Produkcja przemysłowa hamuje

W czerwcu br. produkcja przemysłowa w porównaniu z analogicznym okresem ubiegłego roku wzrosła tylko o 2 proc. a budowlana o 17 proc. - podał GUS. „To sygnał, że spowolnienie gospodarcze może być głębsze niż się spodziewamy. Na szczęście świetnie sobie radzi budownictwo" - mówi dr Małgorzata Starczewska-Krzysztoszek, główna ekonomistka PKPP Lewiatan.

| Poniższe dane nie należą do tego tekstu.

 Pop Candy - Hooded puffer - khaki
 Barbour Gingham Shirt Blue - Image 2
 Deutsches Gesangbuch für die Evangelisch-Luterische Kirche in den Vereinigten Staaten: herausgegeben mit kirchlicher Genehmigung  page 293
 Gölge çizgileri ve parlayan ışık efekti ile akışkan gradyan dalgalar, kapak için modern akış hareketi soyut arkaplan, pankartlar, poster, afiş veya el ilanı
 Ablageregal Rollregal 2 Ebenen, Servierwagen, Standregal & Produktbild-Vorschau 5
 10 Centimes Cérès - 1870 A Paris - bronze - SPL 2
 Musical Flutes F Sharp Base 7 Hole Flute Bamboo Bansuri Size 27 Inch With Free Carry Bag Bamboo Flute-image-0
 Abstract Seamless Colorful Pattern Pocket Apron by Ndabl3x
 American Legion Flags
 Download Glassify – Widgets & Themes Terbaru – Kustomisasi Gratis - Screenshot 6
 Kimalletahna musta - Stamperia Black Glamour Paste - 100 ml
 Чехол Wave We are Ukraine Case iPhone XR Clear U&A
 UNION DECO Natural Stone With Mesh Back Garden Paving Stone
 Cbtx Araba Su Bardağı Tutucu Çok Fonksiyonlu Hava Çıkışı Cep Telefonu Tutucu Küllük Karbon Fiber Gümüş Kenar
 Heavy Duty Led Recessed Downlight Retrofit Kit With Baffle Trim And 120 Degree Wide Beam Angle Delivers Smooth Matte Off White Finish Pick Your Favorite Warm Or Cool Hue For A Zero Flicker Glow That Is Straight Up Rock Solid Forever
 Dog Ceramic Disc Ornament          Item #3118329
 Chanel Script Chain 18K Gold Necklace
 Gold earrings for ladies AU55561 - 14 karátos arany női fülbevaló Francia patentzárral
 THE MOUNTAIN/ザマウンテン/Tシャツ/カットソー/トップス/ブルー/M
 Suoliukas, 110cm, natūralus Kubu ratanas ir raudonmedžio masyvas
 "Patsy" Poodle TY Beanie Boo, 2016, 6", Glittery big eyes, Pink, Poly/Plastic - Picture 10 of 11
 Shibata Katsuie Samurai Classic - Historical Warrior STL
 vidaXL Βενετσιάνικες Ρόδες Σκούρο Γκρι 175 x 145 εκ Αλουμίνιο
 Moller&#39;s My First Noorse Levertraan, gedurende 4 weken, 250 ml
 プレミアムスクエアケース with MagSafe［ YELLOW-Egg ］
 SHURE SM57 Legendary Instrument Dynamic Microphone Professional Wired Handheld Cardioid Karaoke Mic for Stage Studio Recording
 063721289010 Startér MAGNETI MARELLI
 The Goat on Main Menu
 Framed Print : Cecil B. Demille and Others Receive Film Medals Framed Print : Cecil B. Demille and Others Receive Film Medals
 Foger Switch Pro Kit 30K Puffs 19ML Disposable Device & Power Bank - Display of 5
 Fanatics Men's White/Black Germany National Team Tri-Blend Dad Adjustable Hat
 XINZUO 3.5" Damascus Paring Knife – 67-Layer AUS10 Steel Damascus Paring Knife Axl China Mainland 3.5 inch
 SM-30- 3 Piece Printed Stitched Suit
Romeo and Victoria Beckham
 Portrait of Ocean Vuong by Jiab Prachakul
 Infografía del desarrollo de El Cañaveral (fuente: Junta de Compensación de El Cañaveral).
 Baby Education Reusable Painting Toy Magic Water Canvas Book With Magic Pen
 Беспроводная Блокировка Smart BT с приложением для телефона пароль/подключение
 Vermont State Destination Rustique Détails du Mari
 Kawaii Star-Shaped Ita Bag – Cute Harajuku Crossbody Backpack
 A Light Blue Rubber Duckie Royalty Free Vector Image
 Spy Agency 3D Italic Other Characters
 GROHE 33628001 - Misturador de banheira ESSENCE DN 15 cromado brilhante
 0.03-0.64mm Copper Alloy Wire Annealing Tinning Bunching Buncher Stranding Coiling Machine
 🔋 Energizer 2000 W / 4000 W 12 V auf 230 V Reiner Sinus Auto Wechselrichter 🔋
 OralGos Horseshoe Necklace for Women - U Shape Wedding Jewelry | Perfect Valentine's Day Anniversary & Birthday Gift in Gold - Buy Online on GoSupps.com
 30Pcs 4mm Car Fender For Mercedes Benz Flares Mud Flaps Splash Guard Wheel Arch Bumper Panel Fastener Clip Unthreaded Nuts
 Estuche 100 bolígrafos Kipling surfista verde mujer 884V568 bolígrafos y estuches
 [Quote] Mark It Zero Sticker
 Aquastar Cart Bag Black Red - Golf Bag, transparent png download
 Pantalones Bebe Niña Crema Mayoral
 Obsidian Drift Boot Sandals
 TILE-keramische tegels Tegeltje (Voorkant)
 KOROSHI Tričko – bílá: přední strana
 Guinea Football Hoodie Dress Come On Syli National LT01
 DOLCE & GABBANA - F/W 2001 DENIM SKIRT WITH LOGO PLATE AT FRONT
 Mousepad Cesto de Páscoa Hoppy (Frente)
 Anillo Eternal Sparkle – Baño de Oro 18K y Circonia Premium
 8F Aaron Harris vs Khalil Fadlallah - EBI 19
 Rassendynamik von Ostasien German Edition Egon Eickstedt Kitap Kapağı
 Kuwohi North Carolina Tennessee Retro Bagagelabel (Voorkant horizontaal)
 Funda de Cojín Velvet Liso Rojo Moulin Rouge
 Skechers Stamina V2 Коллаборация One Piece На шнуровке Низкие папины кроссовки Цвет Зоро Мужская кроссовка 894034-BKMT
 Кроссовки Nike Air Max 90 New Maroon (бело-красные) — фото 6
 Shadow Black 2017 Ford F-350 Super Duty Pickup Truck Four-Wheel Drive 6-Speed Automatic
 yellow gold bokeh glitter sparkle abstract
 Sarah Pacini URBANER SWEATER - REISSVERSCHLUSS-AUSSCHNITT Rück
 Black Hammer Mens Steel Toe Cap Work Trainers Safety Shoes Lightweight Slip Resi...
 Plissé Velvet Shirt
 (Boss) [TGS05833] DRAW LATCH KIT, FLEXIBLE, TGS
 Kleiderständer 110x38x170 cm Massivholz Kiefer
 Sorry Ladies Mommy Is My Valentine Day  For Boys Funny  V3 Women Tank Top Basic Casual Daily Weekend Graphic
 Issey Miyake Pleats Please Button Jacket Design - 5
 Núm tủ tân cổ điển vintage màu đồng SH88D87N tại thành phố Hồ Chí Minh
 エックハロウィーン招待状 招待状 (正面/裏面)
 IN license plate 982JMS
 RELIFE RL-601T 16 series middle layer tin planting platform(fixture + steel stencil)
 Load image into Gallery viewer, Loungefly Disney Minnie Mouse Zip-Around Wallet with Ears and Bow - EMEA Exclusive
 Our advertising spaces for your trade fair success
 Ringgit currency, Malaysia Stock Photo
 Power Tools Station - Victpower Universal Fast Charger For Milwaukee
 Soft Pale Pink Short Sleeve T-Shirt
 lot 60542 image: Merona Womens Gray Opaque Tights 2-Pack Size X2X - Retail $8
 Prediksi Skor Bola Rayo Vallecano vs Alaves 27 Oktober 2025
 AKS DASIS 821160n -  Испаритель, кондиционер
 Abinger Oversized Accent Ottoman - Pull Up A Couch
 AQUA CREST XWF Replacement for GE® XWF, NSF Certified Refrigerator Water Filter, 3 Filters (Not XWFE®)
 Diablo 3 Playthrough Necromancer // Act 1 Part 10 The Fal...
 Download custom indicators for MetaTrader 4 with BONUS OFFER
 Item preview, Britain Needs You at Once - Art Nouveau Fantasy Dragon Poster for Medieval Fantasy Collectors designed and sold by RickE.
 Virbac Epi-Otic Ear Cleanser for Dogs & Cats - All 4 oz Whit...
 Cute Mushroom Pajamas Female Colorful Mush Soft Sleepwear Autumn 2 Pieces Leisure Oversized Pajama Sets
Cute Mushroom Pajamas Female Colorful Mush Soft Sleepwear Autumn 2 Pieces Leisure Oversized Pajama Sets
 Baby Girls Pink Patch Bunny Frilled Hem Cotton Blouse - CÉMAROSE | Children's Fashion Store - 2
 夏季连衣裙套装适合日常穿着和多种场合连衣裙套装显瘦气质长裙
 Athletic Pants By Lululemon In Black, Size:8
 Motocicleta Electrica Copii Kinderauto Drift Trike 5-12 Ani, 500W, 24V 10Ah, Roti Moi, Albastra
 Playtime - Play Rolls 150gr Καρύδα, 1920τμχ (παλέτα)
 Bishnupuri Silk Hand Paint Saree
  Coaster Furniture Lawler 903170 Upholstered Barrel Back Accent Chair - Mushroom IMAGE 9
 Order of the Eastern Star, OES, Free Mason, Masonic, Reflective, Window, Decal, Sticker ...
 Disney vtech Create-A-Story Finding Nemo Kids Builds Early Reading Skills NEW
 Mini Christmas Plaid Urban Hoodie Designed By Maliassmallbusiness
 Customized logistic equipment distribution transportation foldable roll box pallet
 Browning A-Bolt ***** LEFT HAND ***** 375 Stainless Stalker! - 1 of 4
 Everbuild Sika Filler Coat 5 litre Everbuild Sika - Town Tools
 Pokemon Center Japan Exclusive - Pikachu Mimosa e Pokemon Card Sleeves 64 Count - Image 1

„W ciągu sześciu miesięcy br. produkcja wzrosła o 7,4 proc., w ubiegłym roku w porównywalnym okresie ten wzrost był wyższy i wyniósł 10,6 proc. W tym roku motorem napędowym gospodarki będzie budownictwo, gdzie trafiają środki unijne i realizowane są inwestycje związane z Euro 2012. Wyraźnie potwierdza to bardzo wysoka dynamika produkcji budowlanej związanej z budową obiektów inżynierii lądowej i wodnej (40 proc. wzrostu) oraz specjalistycznych robót budowlanych (prawie 23 proc. wzrost). Ale środki unijne się kończą i za chwilę nic już nie będzie ciągnąć naszej gospodarki" - dodaje dr Małgorzata Starczewska-Krzysztoszek.